● **Captioned web images**
========================
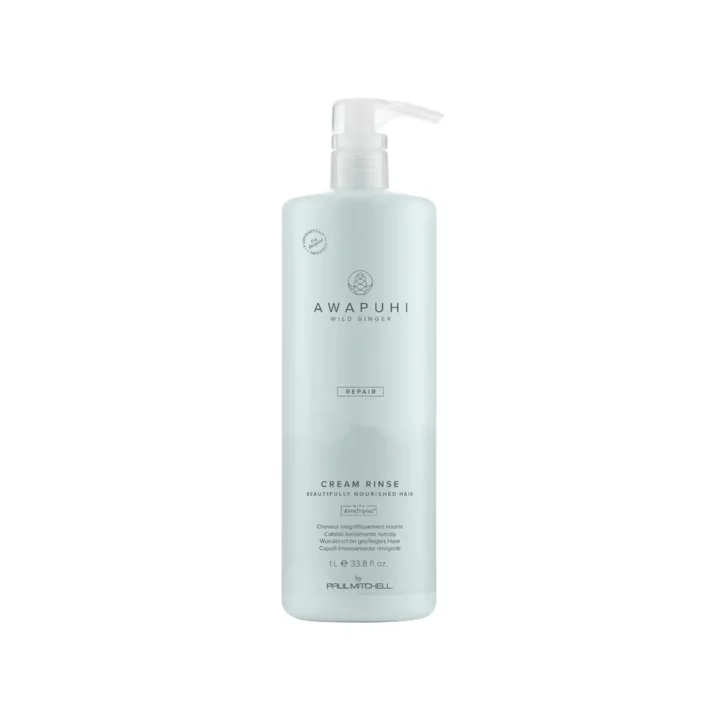 Paul Mitchell Awapuhi Wild Ginger Keratin Cream Rinse 1000 ml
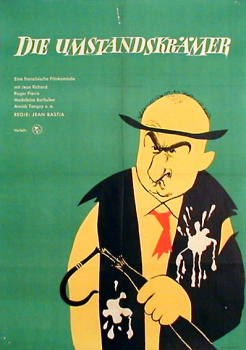 Umstandskrämer, Der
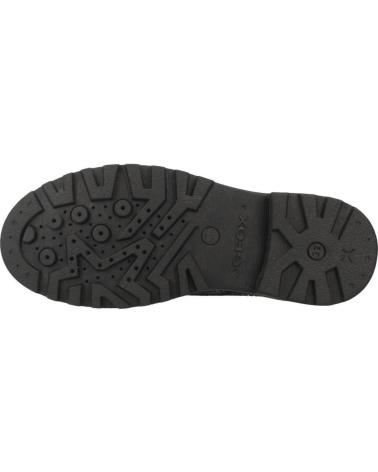 Sapatos de Menina GEOX J CASEY GIRL ANIMAL PRINT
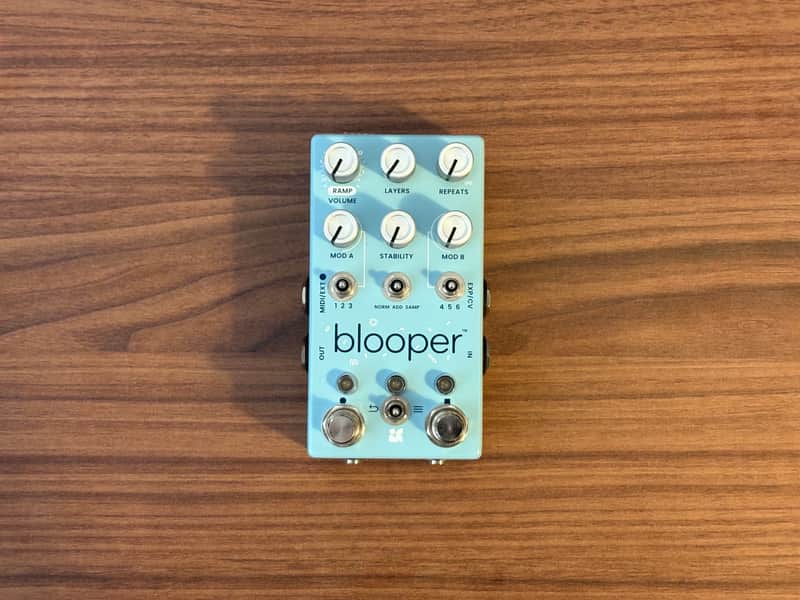 Chase Bliss Audio Blooper image 1
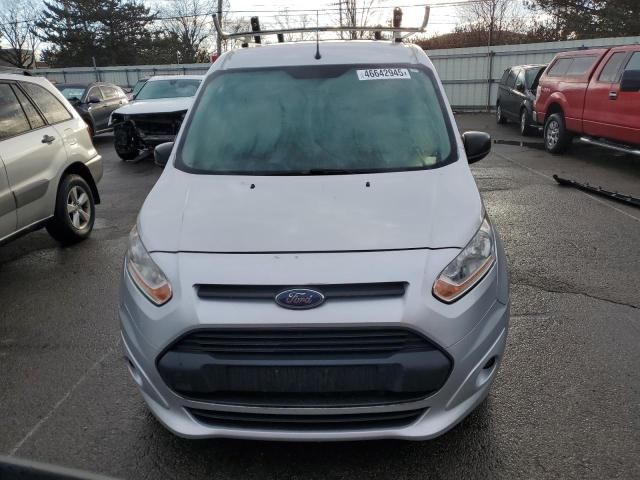 2017 Ford Transit Connect XLT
========================
● **Your instructions**
Give every record back exactly as it reads, with no images.

● **Expected answer**
 Paul Mitchell Awapuhi Wild Ginger Keratin Cream Rinse 1000 ml
 Umstandskrämer, Der
 Sapatos de Menina GEOX J CASEY GIRL ANIMAL PRINT
 Chase Bliss Audio Blooper image 1
 2017 Ford Transit Connect XLT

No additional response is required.